As though in a dream, she felt a hand touch her on the shoulder, lift her from her chair, and lead her to the bed. Her nightie left her body. She was caressed, teased, brought up to the brink of climax, only to fall again. When she finally came, her eyes opened wide and she saw her neighbor's face inches from her own. Then he was inside her, filling her with his need, but stealing something from her at the same time— a part of herself more precious than any moment's pleasure.
Lysistratus looked down at the woman's limp body, holding a pillow in his hand. She
knew.
In that moment that he'd taken a piece of her, she had opened her eyes wide, recognized him, and understood what he did. He toyed with the pillow, then tossed it aside. Now was not a good time. It was too close to home. He left the room as silently as he'd entered.
When Lisa woke the next morning at ten, she was already a half hour late for work. It wasn't until her lunch hour that she remembered last night's erotic dream. She smiled. The man next door had been in it. The smile faltered as the memory grew a little sharper. Tied up with the eroticism was something ugly that she couldn't quite place. But it left her with a vague unease and edgy nerves, and the disturbing sensation that it hadn't been a dream.

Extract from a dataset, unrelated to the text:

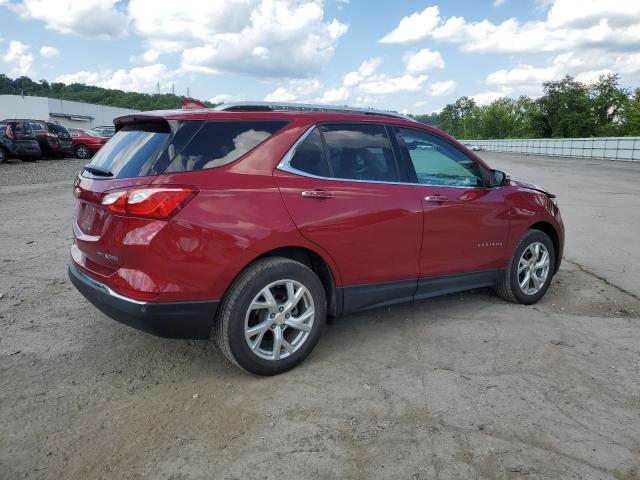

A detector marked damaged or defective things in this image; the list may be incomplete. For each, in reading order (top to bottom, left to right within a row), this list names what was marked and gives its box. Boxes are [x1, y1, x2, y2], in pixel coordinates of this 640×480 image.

By her afternoon break she was feeling so high-strung that she dug out her prescription from the bottom of her purse and had it filled at the pharmacy across the street.
Peter left Cat's house with a certain amount of misgiving. She was much calmer now and had promised to meet him at the store later in the morning. She'd promised as well to keep the doors locked while she was home, and that when she did leave, she'd make certain there was more than one person on the street. In the light of morning it all seemed a little foolish, but while the stranger aspects of last night still needed some suitable explanation as far as Peter was concerned, the very real threat of an intruder— of Cat's watcher— couldn't be denied.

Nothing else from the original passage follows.